Marzouki consacre une bonne partie de son livre à donner sa vision de l’évolution de l’islam politique avec l’intention probablement d’en faire le marketing auprès de l’Occident. Il estime que les islamistes tunisiens ont fait leur autocritique et qu’ils ont fini par accepter la démocratie. Il cite à cet égard les travaux de Rached Ghannouchi pour réconcilier Islam et démocratie, en les assimilant à ce qui a été fait par le philosophe, Jacques Maritain, en France dans les années trente. Le Président finit par affirmer «qu’Ennahda ressemble, en effet, à maints égards aux partis démocrates chrétiens en Allemagne ou en Italie après la Seconde Guerre mondiale. Ces partis étaient traditionalistes, conservateurs sur le plan social et économique, affichant leur référence à la religion». Mieux, il va jusqu’a dire que les islamistes, contrairement aux partisans de «l’extrémisme laïc», ont su évoluer. Pour lui, enfin, la réussite du modèle tunisien consiste dans le fait que les  «islamistes modérés et les laïcs modérés ont commencé à travailler véritablement ensemble.»

 

… Ou compromission?

Le président actuel de la République a parlé dans le livre d’un «État civil» à construire et non pas d’un «État laïque», rejoignant ainsi la position d’Ennahdha. Son argument est que le mot “laïque” est équivalent dans l’esrit de beaucoup de gens à «athéisme». Et à ceux qui l’accuserait d’avoir abandonné l’idée de bâtir en Tunisie un État démocratique, il leur répond que «l’État civil, en arabe, désigne un État qui n’est ni théocratique, ni militaire, donc démocratique et pluraliste».  Il va encore plus loin dans sa logique de compromis avec le courant islamiste en essayant de trouver des parades permettant de faire avaler des couleuvres à la gauche, concernant des questions fondamentales sur lesquelles les islamistes restent intransigeants, à savoir le refus de : l’abolition de la peine de mort, l’égalité totale entre les sexes, l’adoption et la liberté de conscience.  Pour Marzouki, ces obstacles ne sont pas insurmontables. «Mais aujourd’hui, dans notre pays, se trouve-t-il un seul homme pour réclamer le double de l’héritage de sa sœur, comme le demande l’interprétation courante de la loi islamique ? De même, tout le monde se moque qu’une musulmane épouse un non-musulman. Quant à l’adoption, elle est passée quasiment dans les mœurs. Pourquoi faire un casus belli de ce genre de problèmes ?». Il estime même que le parti islamiste au pouvoir est prêt à ne pas être très rigoureux quant au respect de ces questions: «Certes, les dirigeants d’Ennahda ne semblent pas disposés à renoncer publiquement à ces principes, mais en pratique, ils sont prêts à fermer les yeux». Ainsi, Marzouki semble justifier l’hypocrisie politique et reconnaitre qu’il en est capable, ainsi que ses alliés.

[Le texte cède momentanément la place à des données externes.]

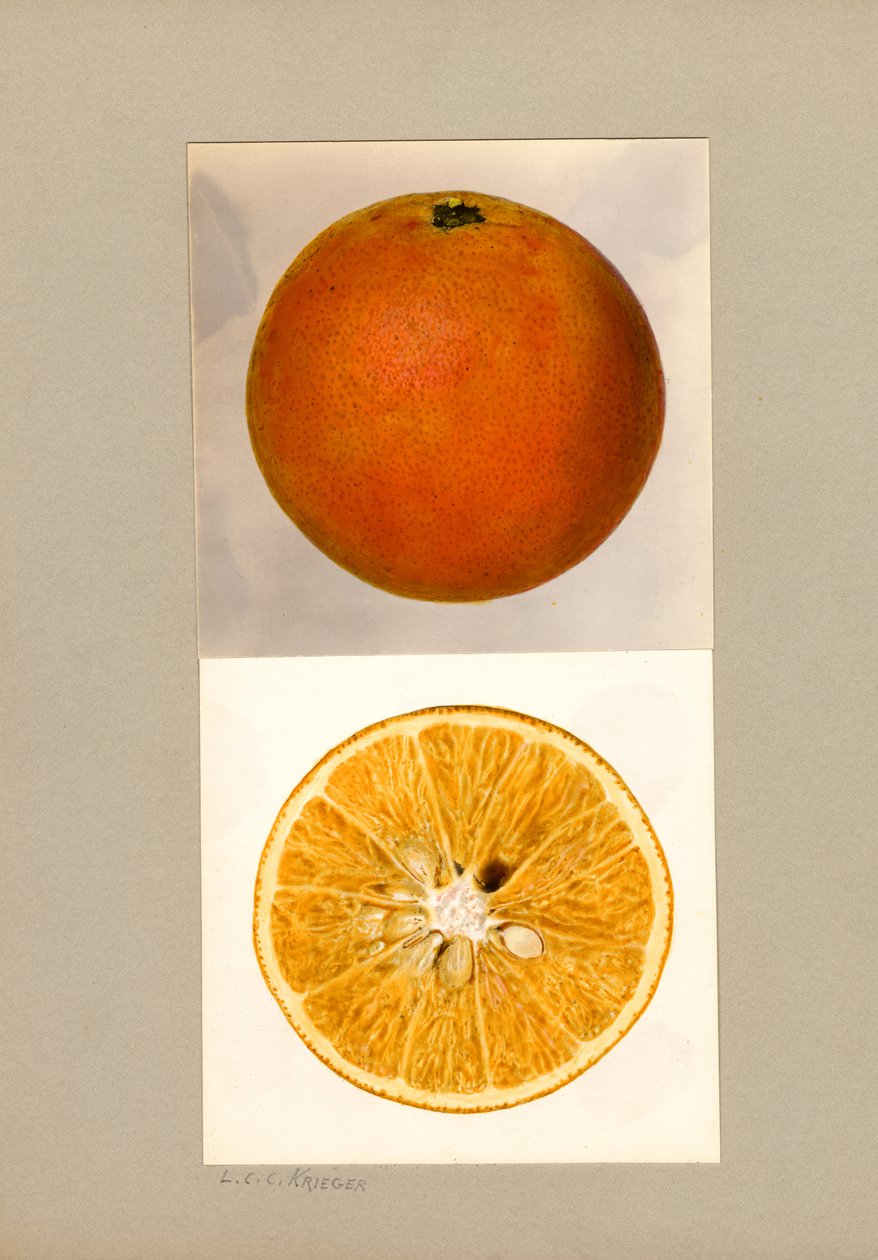 Ananassinaasappel (Citrus sinensis) door Louis Charles Christopher Krieger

Cependant, il ne manque pas de se démarquer d’Ennahdha en rappelant l’histoire de l’extradition, sans son consentement, de Baghdadi Mahmoudi et le fait que le parti islamiste a profité de la période transitoire pour placer les siens aux postes de responsabilité dans  l’État. Cela ne l’a pas  empêché, toutefois, de continuer à collaborer avec eux.  Car, pour lui, l’essentiel est la «stabilité du pays.» 

Si Marzouki accepte bien ce qu’il appelle “l’Islam modéré”, il déclare avoir été surpris du développement du salafisme, puisque pour lui, il ne s’agissait que de «la manifestation d’un phénomène totalement marginal, voué à disparaître aussitôt après le départ de Ben Ali». Or, il s’est rendu compte que la question est très complexe. Tout en reconnaissant la violence de la mouvance salafiste, il tient à minimiser sa capacité de nuisance, estimant, à l’image de Ghannouchi, qu’elle finira par être soluble dans la société, en entrant dans le jeu politique.  

 

La liberté d’expression un mal inévitable ?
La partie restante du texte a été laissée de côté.